The point of our justice system is that a personally affected party cannot be a member of the group that metes out justice, for that would make it revenge. The entire idea of justice is that it MUST be impartial. In our USA system, the few times I've actually served on a jury, the judge polled the jury for their knowledge of the defendant, the events in question, the witnesses, other jurors, and members of the court. In one case, we were even asked if we knew anyone who had been raped, since the case included ra** as one of its charges. Though it is hard to assure, the point was clear. The fairness of the result depends on the fairness of how you get the result.
All too often, people talk about wanting justice when the truth is that they really want revenge. You hear it in the wailing relatives of yet another killing among impoverished neighborhoods. I can understand why there is a Biblical admonition about vengeance. Another Biblical admonition, "let the punishment fit the crime" (though not exactly how the phrase was initially used), depends on there being nothing personal involved in delivering justice. Otherwise "an eye for an eye" quickly becomes "your life for a minor scratch" or something extreme like that. And again, if you let personalities in during sentencing, it becomes vengeance instead of justice.
An oddity regarding justice is that if anyone is sent to prison as a child molester, their time will be a continual Hell because even criminals hate the child molesters. They punish the so-called "short eyes" (to our UK friends, that is prison slang for child molesters) with beatings, stabbings, stompings, and many other types of harsh treatment. I cannot give you overall statistics because they are published state-by-state, but for California, child molesters die in prison at a rate twice that of any other type of prisoner. However, it is usually a case of impartial justice because I guess even totally unrelated prisoners have their standards about whom they allow in their "society."
There was a 1950s movie that was a classic in its day and still has its moments now.
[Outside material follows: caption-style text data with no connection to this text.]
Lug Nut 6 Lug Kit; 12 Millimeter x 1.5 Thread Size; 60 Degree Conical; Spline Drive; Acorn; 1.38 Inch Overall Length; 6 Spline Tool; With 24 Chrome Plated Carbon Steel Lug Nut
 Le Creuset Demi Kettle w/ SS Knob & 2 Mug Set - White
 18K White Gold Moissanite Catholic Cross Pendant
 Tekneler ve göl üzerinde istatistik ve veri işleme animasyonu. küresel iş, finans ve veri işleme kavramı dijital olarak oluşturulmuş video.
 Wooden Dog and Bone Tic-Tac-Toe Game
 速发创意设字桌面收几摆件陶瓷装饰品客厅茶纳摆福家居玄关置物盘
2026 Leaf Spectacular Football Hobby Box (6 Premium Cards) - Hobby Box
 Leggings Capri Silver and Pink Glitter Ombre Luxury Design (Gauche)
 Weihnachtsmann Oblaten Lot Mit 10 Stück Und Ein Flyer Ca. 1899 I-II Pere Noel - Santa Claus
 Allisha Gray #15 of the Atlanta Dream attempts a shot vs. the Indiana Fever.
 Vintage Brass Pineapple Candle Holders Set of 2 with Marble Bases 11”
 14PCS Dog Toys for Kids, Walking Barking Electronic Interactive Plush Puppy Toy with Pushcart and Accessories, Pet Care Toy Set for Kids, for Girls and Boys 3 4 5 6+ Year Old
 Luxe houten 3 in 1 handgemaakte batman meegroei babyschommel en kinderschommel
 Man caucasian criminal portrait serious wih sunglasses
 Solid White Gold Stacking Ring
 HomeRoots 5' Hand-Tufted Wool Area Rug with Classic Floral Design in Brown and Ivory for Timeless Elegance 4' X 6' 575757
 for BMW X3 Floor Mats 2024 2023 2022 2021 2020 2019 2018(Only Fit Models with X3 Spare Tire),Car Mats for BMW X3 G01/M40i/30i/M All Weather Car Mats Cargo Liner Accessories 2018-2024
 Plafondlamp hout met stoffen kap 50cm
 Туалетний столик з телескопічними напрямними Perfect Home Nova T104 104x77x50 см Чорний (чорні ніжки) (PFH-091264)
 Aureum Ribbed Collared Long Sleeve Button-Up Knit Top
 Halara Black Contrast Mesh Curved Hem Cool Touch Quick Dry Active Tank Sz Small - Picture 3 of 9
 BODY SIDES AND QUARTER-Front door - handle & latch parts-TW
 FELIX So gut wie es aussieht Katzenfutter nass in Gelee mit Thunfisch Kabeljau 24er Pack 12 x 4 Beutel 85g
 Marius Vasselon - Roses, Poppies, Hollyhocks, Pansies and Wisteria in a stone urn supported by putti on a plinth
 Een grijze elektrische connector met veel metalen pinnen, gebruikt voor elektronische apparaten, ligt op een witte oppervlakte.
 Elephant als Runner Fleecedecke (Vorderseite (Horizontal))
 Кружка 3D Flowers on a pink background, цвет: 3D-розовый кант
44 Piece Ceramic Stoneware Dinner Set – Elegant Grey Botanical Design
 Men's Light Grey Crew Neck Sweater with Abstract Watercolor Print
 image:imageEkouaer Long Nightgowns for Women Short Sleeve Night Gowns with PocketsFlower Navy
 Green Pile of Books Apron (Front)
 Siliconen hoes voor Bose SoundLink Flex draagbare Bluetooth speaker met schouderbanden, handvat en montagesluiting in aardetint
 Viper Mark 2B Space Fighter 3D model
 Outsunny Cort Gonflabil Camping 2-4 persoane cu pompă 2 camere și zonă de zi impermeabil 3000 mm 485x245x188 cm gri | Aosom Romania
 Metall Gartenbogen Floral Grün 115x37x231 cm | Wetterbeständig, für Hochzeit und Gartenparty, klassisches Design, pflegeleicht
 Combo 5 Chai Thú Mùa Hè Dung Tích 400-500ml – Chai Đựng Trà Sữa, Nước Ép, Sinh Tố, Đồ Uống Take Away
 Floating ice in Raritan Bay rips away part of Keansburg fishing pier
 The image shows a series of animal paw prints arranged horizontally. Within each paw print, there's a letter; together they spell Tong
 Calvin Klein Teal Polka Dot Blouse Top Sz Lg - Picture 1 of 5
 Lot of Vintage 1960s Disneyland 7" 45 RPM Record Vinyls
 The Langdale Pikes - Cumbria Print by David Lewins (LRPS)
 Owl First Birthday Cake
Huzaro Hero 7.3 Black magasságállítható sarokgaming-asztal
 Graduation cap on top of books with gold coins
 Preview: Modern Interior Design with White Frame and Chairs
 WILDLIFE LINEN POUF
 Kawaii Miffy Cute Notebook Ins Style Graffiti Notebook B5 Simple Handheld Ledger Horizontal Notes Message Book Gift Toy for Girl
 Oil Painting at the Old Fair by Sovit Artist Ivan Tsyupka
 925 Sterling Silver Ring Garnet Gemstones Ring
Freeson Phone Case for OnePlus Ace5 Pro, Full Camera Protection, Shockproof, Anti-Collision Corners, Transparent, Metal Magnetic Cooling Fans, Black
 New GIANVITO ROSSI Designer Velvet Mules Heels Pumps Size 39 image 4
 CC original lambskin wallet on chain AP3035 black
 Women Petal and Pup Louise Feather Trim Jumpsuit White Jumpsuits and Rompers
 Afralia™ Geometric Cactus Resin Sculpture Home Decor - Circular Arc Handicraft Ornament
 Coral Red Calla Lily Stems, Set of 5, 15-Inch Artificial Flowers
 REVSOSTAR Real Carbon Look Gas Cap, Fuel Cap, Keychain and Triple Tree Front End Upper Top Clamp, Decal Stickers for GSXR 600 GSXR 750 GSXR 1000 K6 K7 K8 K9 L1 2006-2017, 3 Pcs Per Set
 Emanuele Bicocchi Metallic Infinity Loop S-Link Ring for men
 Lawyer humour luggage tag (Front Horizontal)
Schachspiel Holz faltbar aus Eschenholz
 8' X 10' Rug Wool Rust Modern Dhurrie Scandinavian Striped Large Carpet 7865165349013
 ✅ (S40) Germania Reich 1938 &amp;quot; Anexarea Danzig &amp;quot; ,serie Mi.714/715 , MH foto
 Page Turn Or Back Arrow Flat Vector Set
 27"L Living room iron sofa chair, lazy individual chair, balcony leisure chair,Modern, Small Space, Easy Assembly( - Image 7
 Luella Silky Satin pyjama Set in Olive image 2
The Day the Earth Stood Still was drawn from a short story "Farewell to the Master" in which a space-faring robot is the judge, jury, and executioner even though a person accompanies the robot to act as its spokesperson. It is relevant to the discussion because in that story, it was revealed that the robots were created to be totally dispassionate, logical, and swift in delivering justice. It was in that sense clearly based on the USA ideal of justice even though we know that errors sometimes occur. There is another discussion or two on this forum relating to emerging AI and how it affects society. How long do you think it would be before we get an AI judge?